Commissioner Ryan Nero said that when he and other commissioners were running for office, phrases like “making Forest Park easy to do business with” were used frequently during the campaigns.
“Some of the zoning requirements we’re talking about right now fall into that realm,” said Nero. “As a resident and elected official, I’ve spent a lot of time going back and forth on what I think is the right thing for Forest Park. One overarching theme we have to be cognizant of is the potential revenue stream. Being competitive with our surrounding communities is an important thing.”
Commissioner Jessica Voogd agreed, thanking Glinke for the time and consideration he put into the recommendations. “You kept most of it conditional use,” said Voogd, “and you’ve carefully selected this one area that’s well buffered from the residential area [to allow dispensaries as permitted use]. We want to be appealing to new businesses, and the state’s done a good job of limiting the number of licenses at first, and I think it would be best to amend to the staff version.”
The vote was to accept the proposed ordinance as amended to reflect staff’s recommendation regarding the I-2 district (permitted use). All other districts were kept as written in the proposed ordinance up before the council (conditional use). Mayor Rory Hoskins and commissioners Voogd, Nero and Joe Byrnes voted in favor of the amended proposal from the ZBA. Commissioner Dan Novak abstained.
The accepted zoning for recreational marijuana in Forest Park is as follows:
Community Shopping District
In these areas, defined as the B-2 District, adult-use cannabis distribution will be added as conditional use within a 500-foot distance of schools and churches. This district includes sections of Roosevelt Road and Harlem Avenue.

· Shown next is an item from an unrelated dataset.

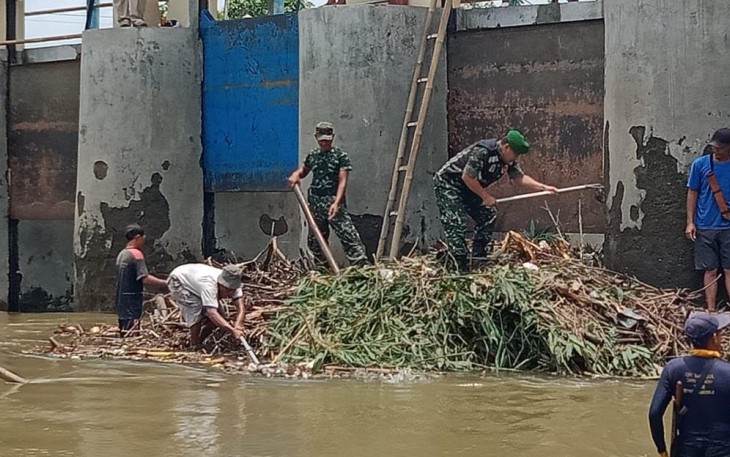 Koramil Cawas Bersama Team BBWS Bersihkan Dam Tukuman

Downtown Business District (DBD)
In the DBD, marijuana dispensaries will be allowed as conditional use. The DBD is primarily the Madison Street shopping area of Forest Park.
Light Industrial District
In the light industrial or I-1 district, manufacturing, cultivation, transportation and distribution of recreational cannabis will be allowed as conditional use. This district includes the area south of Roosevelt Road to 16th Street between Hannah Avenue and Circle Avenue.
Heavy Industrial District
In the heavy industrial or I-2 district, manufacturing, cultivation, distribution and transportation will be permitted uses. This district includes the Forest Park Mall on Roosevelt Road and the U.S. Postal Service facility. It also includes the businesses along Industrial Drive.